Work instructions: Write out the line that holds "Before & After" together with every line that follows it to the end of the material below, exactly. Omit the pictures.

Material provided:
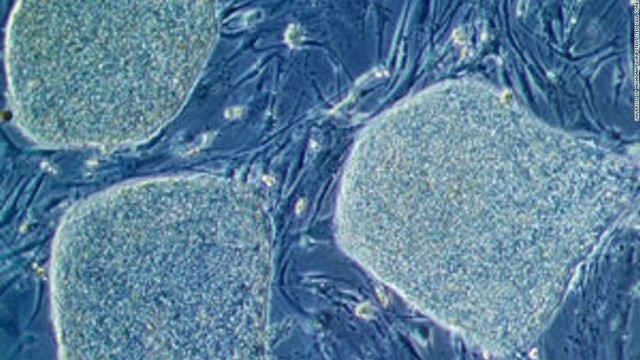  Tế bào gốc là một hướng nghiên cứu phát triển rất mạnh trong y học 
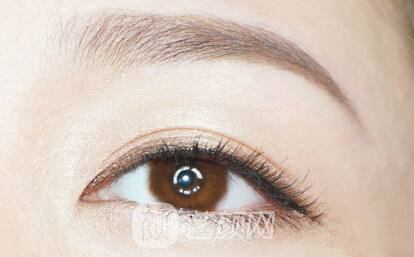 激光洗眉有哪些优势？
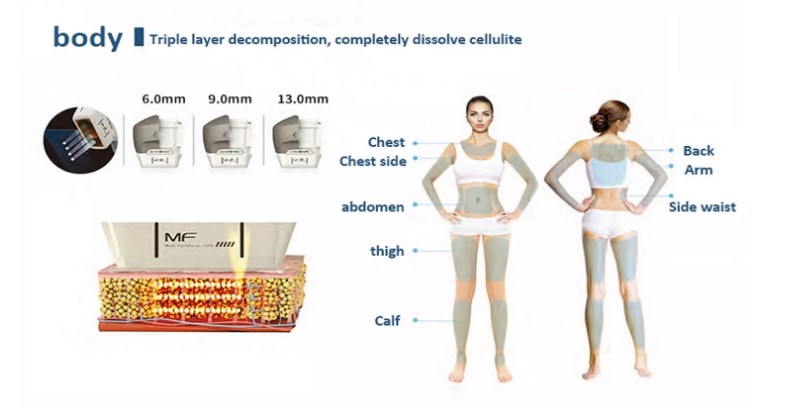 2022 2 Handle Dual Control 7D Hifu Machine For Skin Tightening And Body Slimming
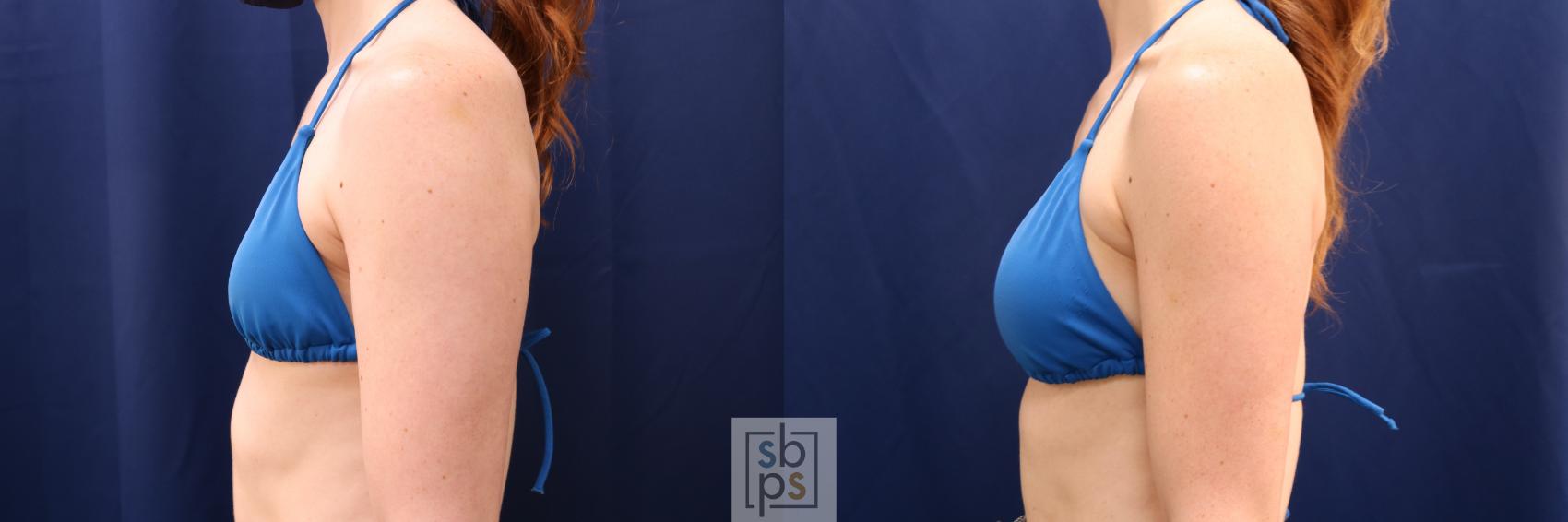 Before & After Breast Augmentation Case 641 Bikini Left View in Torrance & Los Angeles, CA, CA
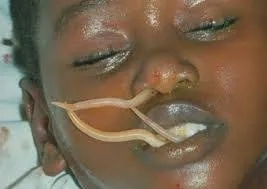 The process of deworming for humans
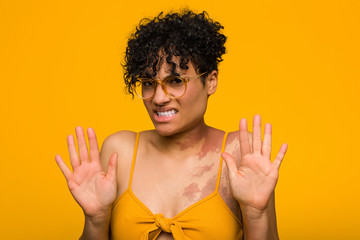 Young african american woman with skin birth mark rejecting someone showing a gesture of disgust.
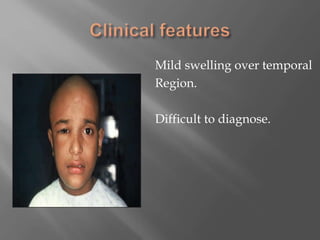 Mild swelling over temporal
Region.
Difficult to diagnose.
 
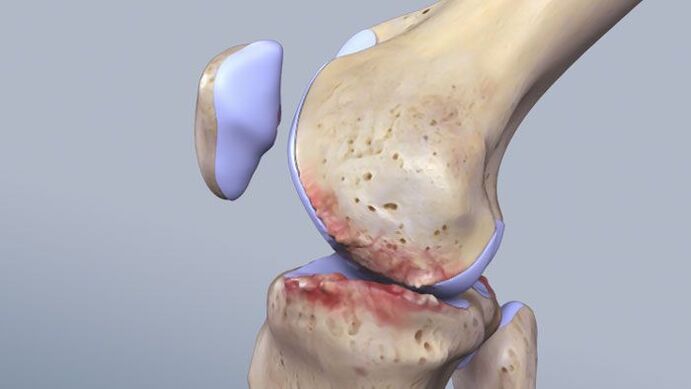 The structure of the knee joint affected by pathology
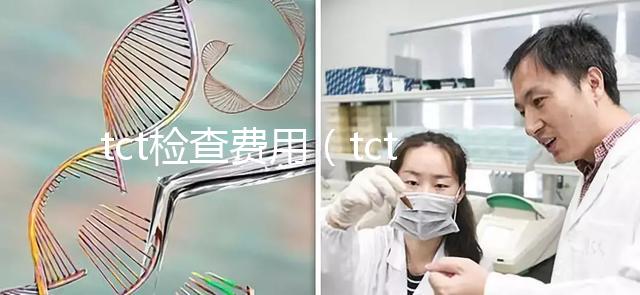 tct檢查費(fèi)用（tct檢查一般多少錢）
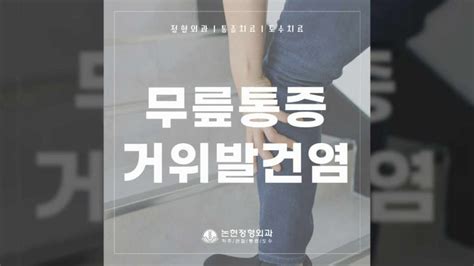 신사역 정형외과 무릎이 뜨거워요 열감 원인 거위발건염이란 네이버 블로그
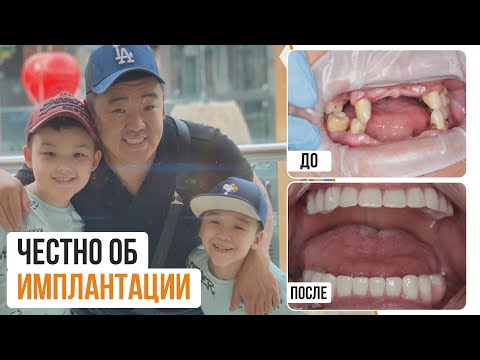 Видео: Зубной протез до/после реальный отзыв 😍 18+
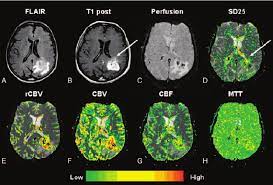 A H Glioblastoma Multiforme Grade Iv Iv Top Row Left To Right Download Scientific Diagram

Your solution:
 Before & After Breast Augmentation Case 641 Bikini Left View in Torrance & Los Angeles, CA, CA
 The process of deworming for humans
 Young african american woman with skin birth mark rejecting someone showing a gesture of disgust.
 Mild swelling over temporal
Region.
Difficult to diagnose.
 
 The structure of the knee joint affected by pathology
 tct檢查費(fèi)用（tct檢查一般多少錢）
 신사역 정형외과 무릎이 뜨거워요 열감 원인 거위발건염이란 네이버 블로그
 Видео: Зубной протез до/после реальный отзыв 😍 18+
 A H Glioblastoma Multiforme Grade Iv Iv Top Row Left To Right Download Scientific Diagram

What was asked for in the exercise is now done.